Everything from the line containing "Two white Medela" down to the last line below should be set down exactly, and only that, without the pictures.

Collected material:
▶

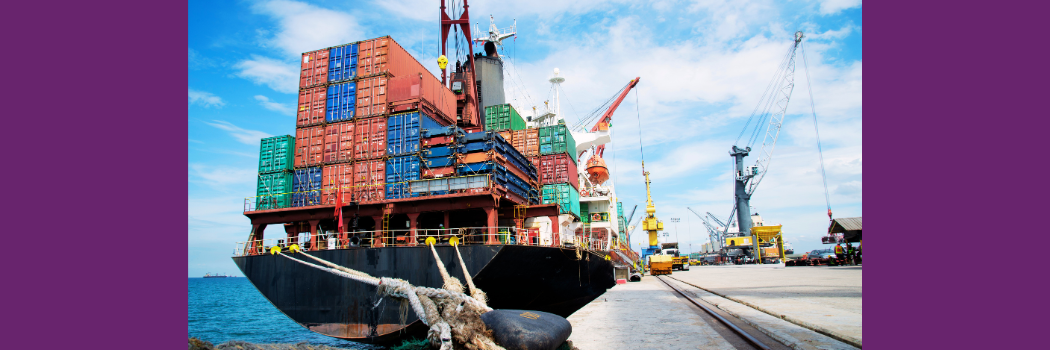 A transport ship carries shipping containers full of goods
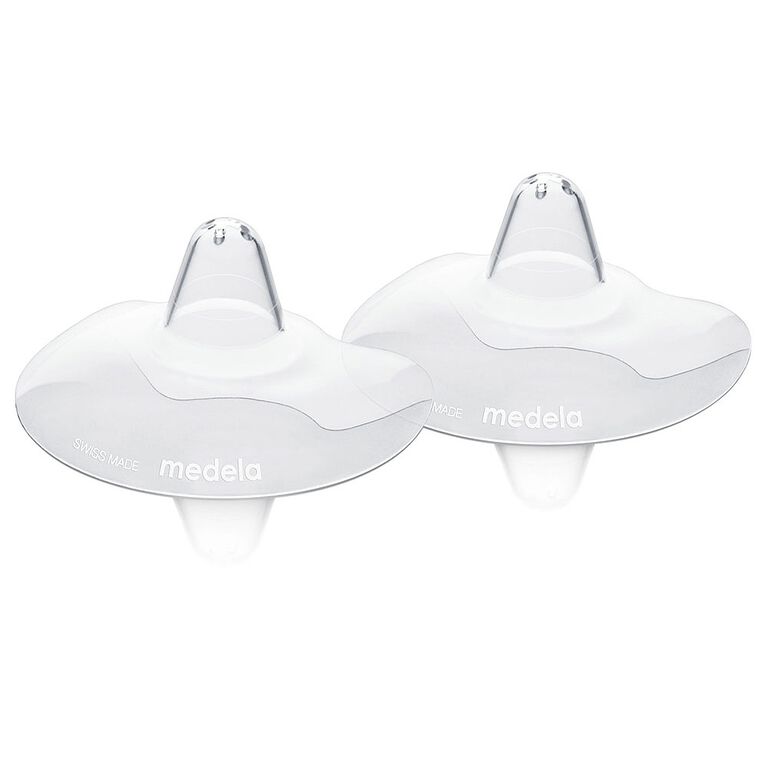Two white Medela breastshields on a white background - okotoks hc pharmacy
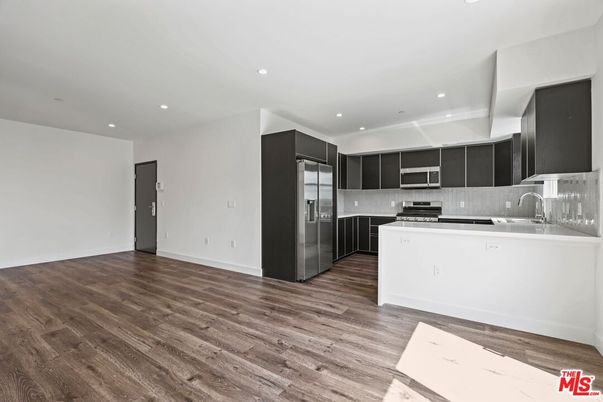 Interior, Kitchen, Recessed Lighting, Stainless Steel Appliances, Wood Texture Flooring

◀

Exercise response:
Two white Medela breastshields on a white background - okotoks hc pharmacy
 Interior, Kitchen, Recessed Lighting, Stainless Steel Appliances, Wood Texture Flooring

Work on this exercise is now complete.